Bizi bir Ramazan ayına daha ulaştıran Rabbe hamd u senalar olsun. Efendimiz Muhammed’e salât ve selâm olsun.

Hepimizin bildiği bir acı gerçekle başlayalım yazımıza: Tembellik. Erteleme hastalığı, zamanı verimsiz kullanma, işlerin aksaması yahut yapılmaması, ilim yolunda ilerleme kaydedemememiz, zikirden gafil olmamız vs. hepsi bu tembellikten kaynaklanıyor.

Koskoca emekli ilahiyat profesörü ve hatırı sayılır bir hoca, kendisine imamların gelip tembelliği nasıl yeneceğimizle alakalı sorduklarını ve şayet bulabilirse ertesi gün onlara ve bize cevap vereceğini tweet atıyor. Aynı hal bende de var, diyor çekinmeden. İnsan ister istemez “Çok çalışkan gördüğümüz, bir manada sırtımızı dayadığımız kıymetli hocalar bile bu haldeyken…” diye yeis bataklığına saplanıyor. Neyse ki çözüm yollarını buldu da paylaştı sağ olsun.

En başta kendime, sonra üstüne alınanlara soruyorum: “Bu Ramazan da aynen devam mı tembelliğe?” Her işi yapılabilecek ilk fırsatta yapmak dururken, son fırsata bırakmaya, sonra da bir aksilik sonucu geciktirmeye hatta yapmamaya devam mı?

Bu Ramazan da devam mı mevt toprağı serpilmiş gibi duygusuz, tepkisiz, çaresizce oturup durmaya? “Zaten orucuz.” deyip yan gelip yatmaya… Bizden bir şeyler bekleyen başta kendimiz ve ailemiz olmak üzere, mazlumları, ihtiyaç sahiplerini bekletmeye bu sefer de devam mı?

Şu mübarek ayda, hazır şeytan zincire vurulmuşken, nefs de en yakın arkadaşının hasreti ile bir nebze akıllanmışken nefsi teselli etmek yerine “İyi oldu sana!” diyerek ruhumuza odaklansak fena mı olur?
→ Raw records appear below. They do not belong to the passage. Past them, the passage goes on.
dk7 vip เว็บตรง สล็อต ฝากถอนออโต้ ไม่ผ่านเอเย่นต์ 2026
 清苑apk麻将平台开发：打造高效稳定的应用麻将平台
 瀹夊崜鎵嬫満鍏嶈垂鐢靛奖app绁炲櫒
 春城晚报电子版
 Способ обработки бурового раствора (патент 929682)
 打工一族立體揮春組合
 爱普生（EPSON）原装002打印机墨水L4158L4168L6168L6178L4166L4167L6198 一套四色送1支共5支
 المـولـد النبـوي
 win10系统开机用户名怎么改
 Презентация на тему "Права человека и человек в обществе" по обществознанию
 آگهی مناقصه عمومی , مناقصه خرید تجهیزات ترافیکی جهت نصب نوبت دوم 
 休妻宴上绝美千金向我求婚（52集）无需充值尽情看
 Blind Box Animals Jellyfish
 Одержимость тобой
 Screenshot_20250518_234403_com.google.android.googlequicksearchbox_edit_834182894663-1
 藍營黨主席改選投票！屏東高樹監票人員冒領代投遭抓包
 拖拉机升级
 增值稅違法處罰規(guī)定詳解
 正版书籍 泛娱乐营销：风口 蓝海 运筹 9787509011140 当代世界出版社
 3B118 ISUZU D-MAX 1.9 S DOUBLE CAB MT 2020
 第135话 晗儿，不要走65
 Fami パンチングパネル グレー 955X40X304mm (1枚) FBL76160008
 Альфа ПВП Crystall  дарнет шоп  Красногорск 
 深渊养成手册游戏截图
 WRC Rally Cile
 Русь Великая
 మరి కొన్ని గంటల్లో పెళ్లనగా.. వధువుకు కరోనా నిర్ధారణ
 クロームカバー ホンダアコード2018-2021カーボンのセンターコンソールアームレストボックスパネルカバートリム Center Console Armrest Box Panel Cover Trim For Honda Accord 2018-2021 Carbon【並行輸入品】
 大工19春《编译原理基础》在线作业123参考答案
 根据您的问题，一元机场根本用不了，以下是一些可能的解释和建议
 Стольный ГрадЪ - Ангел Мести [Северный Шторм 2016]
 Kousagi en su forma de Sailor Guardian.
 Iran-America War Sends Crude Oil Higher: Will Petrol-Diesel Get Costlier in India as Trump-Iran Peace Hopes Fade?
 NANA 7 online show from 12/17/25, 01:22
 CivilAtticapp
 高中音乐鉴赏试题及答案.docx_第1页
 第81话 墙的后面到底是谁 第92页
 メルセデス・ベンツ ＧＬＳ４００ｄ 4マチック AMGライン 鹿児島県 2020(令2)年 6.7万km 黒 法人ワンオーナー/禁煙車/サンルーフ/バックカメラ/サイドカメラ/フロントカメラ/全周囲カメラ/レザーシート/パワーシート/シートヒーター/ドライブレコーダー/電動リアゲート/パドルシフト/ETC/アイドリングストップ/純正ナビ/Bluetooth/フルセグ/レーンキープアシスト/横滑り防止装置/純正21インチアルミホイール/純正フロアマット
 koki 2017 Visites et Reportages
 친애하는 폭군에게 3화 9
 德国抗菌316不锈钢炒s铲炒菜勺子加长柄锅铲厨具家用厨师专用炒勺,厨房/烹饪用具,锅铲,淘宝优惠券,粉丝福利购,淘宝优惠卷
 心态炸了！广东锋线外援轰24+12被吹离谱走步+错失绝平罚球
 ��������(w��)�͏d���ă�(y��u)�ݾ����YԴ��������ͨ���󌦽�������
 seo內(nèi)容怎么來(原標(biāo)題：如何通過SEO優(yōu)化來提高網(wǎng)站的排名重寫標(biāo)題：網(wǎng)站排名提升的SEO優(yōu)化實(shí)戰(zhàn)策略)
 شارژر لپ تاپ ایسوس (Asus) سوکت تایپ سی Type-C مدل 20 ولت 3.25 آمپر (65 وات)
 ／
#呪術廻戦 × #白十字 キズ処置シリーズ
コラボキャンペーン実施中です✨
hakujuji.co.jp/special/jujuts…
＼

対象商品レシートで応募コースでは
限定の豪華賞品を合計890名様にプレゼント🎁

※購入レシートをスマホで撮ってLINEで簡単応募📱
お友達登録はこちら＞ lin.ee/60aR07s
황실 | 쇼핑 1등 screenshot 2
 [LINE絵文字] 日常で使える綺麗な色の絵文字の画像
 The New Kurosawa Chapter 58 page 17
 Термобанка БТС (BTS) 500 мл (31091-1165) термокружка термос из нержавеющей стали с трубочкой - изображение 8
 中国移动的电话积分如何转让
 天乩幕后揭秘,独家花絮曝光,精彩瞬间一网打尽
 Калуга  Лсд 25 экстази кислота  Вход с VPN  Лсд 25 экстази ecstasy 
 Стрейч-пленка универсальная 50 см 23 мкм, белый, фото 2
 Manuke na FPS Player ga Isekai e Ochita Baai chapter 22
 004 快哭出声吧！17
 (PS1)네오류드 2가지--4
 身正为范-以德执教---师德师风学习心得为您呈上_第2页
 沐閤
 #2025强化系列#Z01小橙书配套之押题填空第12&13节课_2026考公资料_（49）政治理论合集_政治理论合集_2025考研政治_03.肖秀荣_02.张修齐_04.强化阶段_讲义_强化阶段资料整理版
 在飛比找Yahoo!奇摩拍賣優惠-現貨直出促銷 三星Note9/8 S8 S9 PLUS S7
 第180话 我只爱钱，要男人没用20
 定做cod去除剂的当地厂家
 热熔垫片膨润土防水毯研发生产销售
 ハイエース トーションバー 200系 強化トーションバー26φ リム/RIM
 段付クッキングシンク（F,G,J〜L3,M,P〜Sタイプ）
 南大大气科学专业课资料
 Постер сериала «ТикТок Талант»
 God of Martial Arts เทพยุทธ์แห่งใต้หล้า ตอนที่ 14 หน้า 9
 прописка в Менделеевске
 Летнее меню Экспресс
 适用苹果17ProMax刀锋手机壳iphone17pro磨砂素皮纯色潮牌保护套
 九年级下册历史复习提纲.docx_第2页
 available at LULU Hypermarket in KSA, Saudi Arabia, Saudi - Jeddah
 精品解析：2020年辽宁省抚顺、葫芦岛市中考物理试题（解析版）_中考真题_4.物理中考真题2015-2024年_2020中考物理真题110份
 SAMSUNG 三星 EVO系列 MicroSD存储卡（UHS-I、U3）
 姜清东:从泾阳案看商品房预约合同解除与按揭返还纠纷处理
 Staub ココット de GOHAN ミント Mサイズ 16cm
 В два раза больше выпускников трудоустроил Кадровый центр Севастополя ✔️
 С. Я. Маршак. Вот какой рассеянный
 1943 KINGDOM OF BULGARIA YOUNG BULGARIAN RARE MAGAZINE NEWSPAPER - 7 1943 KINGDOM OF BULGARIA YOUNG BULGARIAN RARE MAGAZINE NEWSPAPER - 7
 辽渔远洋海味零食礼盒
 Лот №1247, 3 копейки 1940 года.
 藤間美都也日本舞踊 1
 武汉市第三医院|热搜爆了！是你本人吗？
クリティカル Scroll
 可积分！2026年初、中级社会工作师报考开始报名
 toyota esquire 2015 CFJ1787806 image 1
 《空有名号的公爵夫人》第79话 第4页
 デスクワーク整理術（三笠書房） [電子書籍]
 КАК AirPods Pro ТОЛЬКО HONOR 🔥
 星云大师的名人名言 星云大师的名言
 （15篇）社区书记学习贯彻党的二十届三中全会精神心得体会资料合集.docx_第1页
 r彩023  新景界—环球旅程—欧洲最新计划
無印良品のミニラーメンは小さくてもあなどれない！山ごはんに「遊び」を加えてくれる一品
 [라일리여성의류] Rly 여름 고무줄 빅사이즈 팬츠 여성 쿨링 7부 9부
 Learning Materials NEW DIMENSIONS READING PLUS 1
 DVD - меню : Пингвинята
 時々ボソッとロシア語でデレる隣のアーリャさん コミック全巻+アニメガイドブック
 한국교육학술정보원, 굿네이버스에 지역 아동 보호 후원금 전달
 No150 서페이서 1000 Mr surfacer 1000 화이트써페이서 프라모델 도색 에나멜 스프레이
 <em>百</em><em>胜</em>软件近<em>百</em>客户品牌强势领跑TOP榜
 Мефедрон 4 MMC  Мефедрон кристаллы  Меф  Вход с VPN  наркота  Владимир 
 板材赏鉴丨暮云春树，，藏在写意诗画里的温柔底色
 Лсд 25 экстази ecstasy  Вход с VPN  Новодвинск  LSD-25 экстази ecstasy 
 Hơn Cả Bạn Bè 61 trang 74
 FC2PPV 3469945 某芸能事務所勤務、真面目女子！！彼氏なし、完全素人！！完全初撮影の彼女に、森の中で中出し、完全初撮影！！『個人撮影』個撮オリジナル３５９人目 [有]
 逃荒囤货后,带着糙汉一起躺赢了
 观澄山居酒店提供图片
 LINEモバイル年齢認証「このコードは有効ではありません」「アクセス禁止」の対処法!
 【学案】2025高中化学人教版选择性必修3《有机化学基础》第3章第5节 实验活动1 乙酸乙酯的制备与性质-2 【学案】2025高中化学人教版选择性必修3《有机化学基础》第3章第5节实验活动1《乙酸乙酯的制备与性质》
Günlerimizi Kur’an’la, zikirle, muhtaçlara yardımla, bir yetimin yüzünü güldürmekle süslesek mesela…

Hani bir yerde tıkanıp kalır ya insan, artık ben böyle geldim böyle gideceğim diye düşünür. Sanki hiçbir şey değişmeyecek gibi karamsarlığa kapılır. Olamamanın acısını hisseder ya derin derin… Allah’a kul, Rasulüne ümmet, ailesine bir fert, ana babasına evlat, topluma iyi bir birey olamamanın acısını… İşte Ramazan ayı bütün bu imkânsız görünenlerin imkânıdır.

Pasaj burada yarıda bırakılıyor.